(Web page caption snippets)
+++++

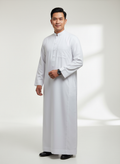 Men's White Thobe with Mandarin Collar, Thawb-008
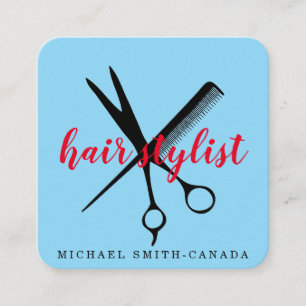 Moderne Minimalistische Schere Branding-Haarstylis Quadratische Visitenkarte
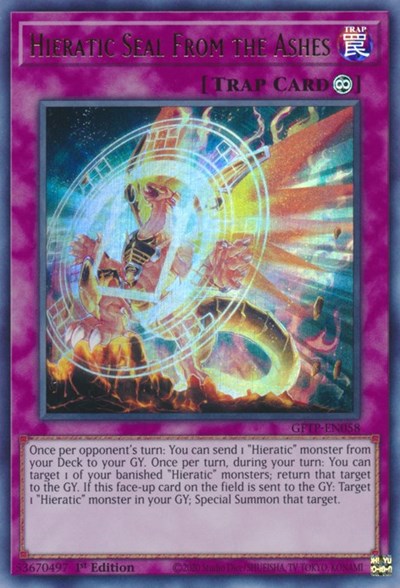 Hieratic Seal from the Ashes [GFTP-EN058] Ultra rare | Jomio and Rueliete's Cards and Comics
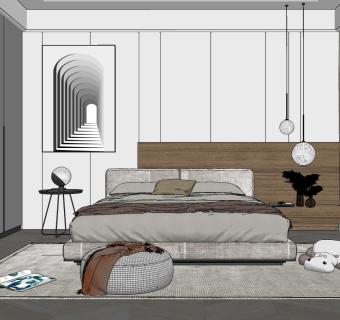 现代双人床组合su草图模型下载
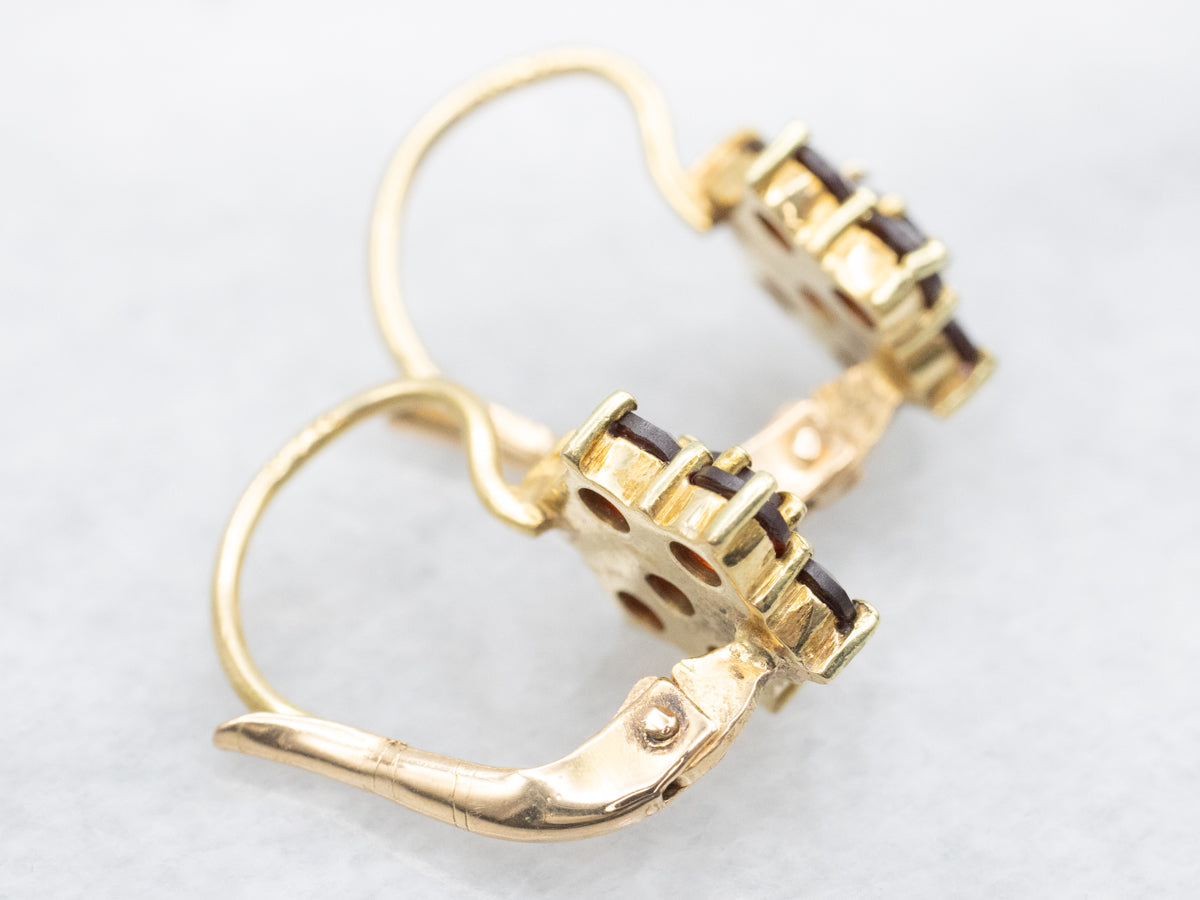 Gold Garnet Cluster Earrings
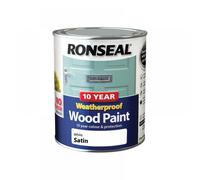 Ronseal 38787 10 Year Weatherproof Wood Paint White Satin 750Ml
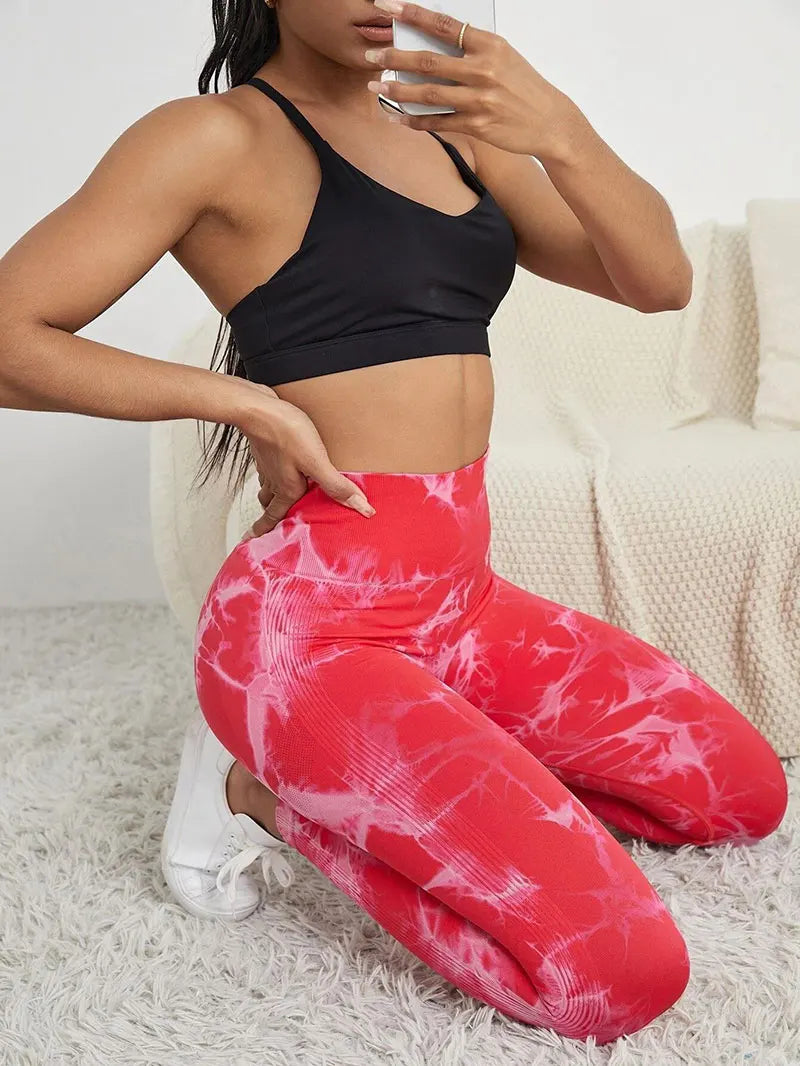 Hip Lifting Seamless Fitness Gym Leggings Tie-Dye Yoga Pants Women's Exercise Tights High Waist Workout Pants The Clothing Company Sydney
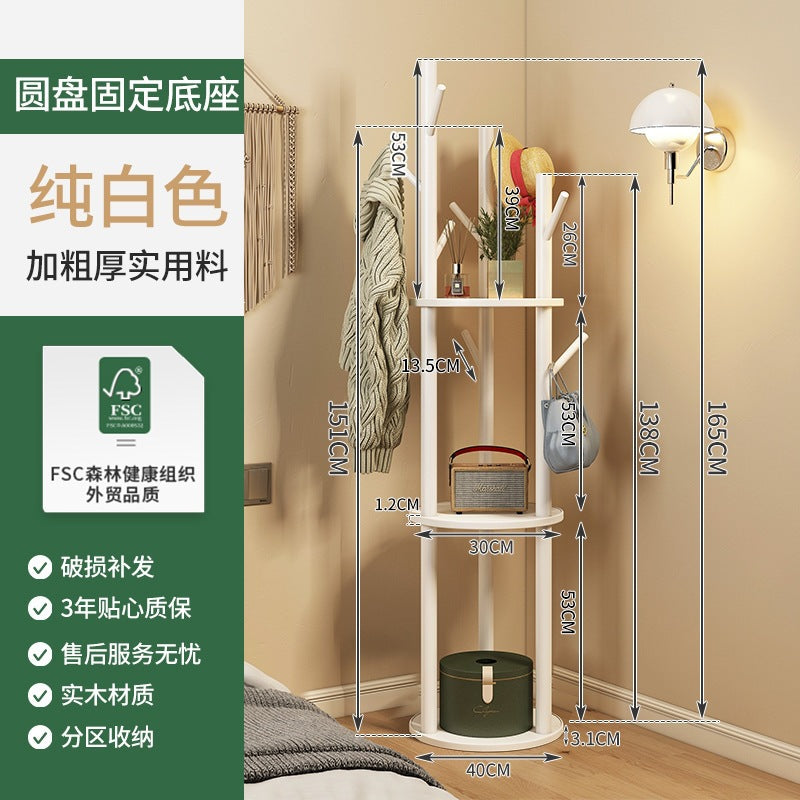 Solid wood rotating coat rack, freestanding vertical clothes rack, bedroom home living room light luxury storage shelf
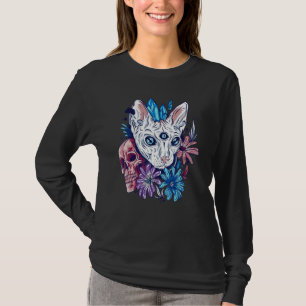 Goth Sphynx Cat Mystic Crystal Cat Witchcraft Goth T-Shirt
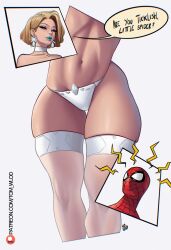 1boy 1girl artist_name blonde_hair blue_eyes blue_lips breasts choker curvy earrings emma_frost english_text highres jewelry marvel marvel_rivals multiple_views navel panties patreon_logo patreon_username see-through_clothes see-through_thighhighs short_hair speech_bubble spider-man thighhighs tom_wlod underwear watermark web_address white_choker white_panties white_thighhighs
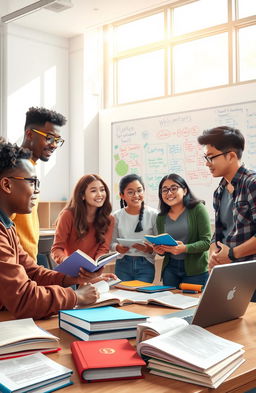 An artistic representation of students working collaboratively on an English project, surrounded by books, notepads, and laptops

+++++

# WHAT THE TASK REQUIRES
Using the entries above, reproduce word for word only the lines from the one that contains "Gold Garnet Cluster Earrings" to the one that contains "Hip Lifting Seamless", both ends included, and drop every picture.

# EXERCISE RESPONSE
 Gold Garnet Cluster Earrings
 Ronseal 38787 10 Year Weatherproof Wood Paint White Satin 750Ml
 Hip Lifting Seamless Fitness Gym Leggings Tie-Dye Yoga Pants Women's Exercise Tights High Waist Workout Pants The Clothing Company Sydney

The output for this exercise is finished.